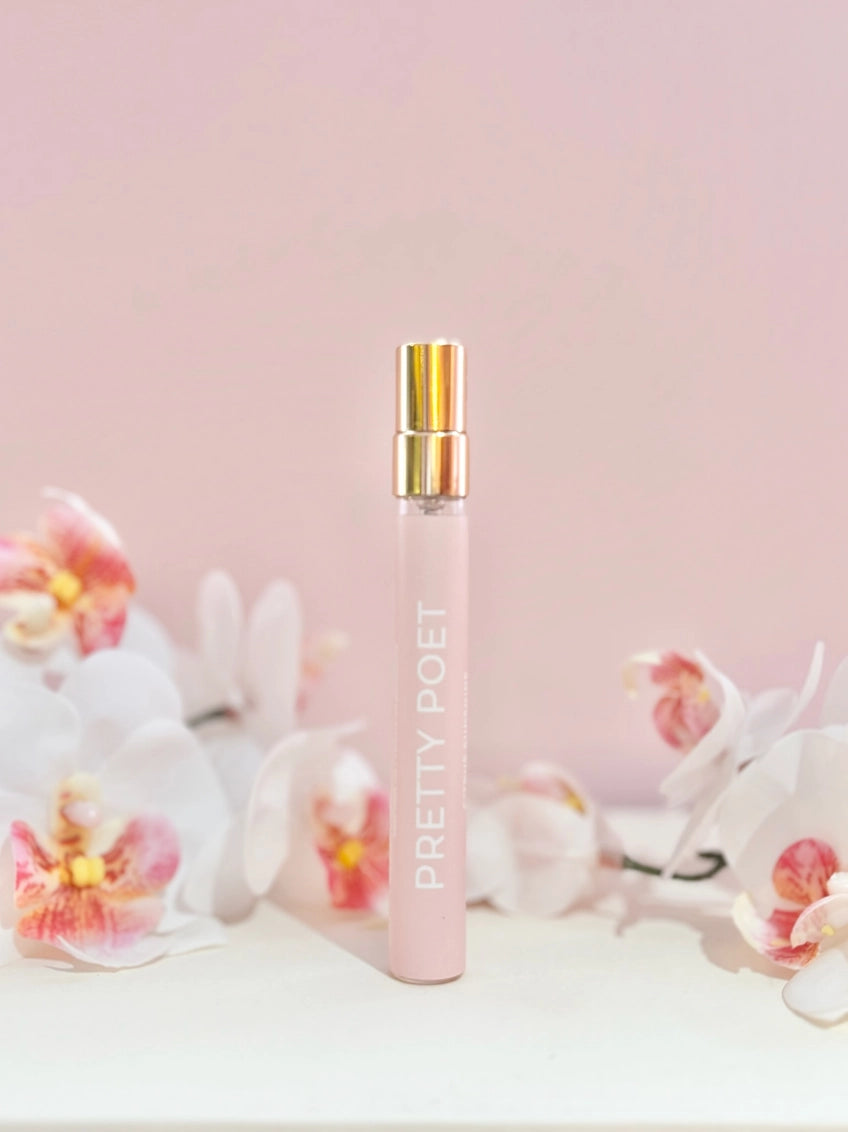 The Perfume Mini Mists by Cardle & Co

● ● ● ●

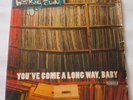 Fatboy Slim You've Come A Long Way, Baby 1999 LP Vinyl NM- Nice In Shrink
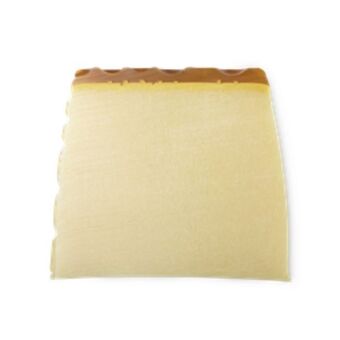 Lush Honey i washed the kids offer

● ● ● ●

From the records above, copy only the lines running from the line containing "Fatboy Slim You've" to the line containing "Lush Honey i washed the kids offer", both ends included. Leave the pictures out.

- **Answer for the task**
 Fatboy Slim You've Come A Long Way, Baby 1999 LP Vinyl NM- Nice In Shrink
 Lush Honey i washed the kids offer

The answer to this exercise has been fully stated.